On 3/20/21 1:22 PM, mailman3@digicrime.com wrote:
I believe that your patch was for the web front end, but that would still allow people to join by sending email to listname-join@example.com. We wouldn't be running any web interface anyway. I wanted to disable all methods of users joining and only rely upon an administrative process to handle who joins. It's easy to imagine a corporate use case for this, such as "all people with offices in building 43" or "all employees with dependents on health insurance" where the definition of who is on a list is maintained in an external system. We're not actually a corporation - we're a professional society with different member classes in our membership database. In any case, the decision of who belongs on a list is not made by the user.
I understand these scenarios, but unless there is a high volume of spurious subscriptions, can't this be handled by setting the subscription police to include moderator approval?
In the interim I discovered another problem with DMARC failures in gmail when mail is sent through mailman3. Mail sent directly from our exim instance doesn't have this problem, so perhaps it's a problem with SRS. I won't be investigating this further, but I'm sure that SPF hard fails will be causing more problems for mailing lists in the future.

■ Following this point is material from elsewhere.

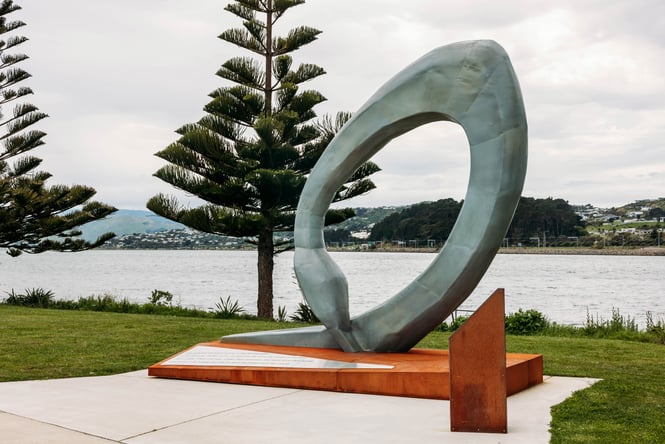 Large sculpture beside the water.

SPF always fails DMARC alignment on forwarded mail, whether from a mailing list or other forwarding mechanism because even though SPF may pass, the domain is that of the forwarding server, not the original sender.
While it is possible for a domain to set a DMARC policy and to rely only on SPF for validation, any domain with a DMARC policy should also be DKIM signing the mail because DKIM signatures will survive simple forwarding such as via .forward files or MTA aliases.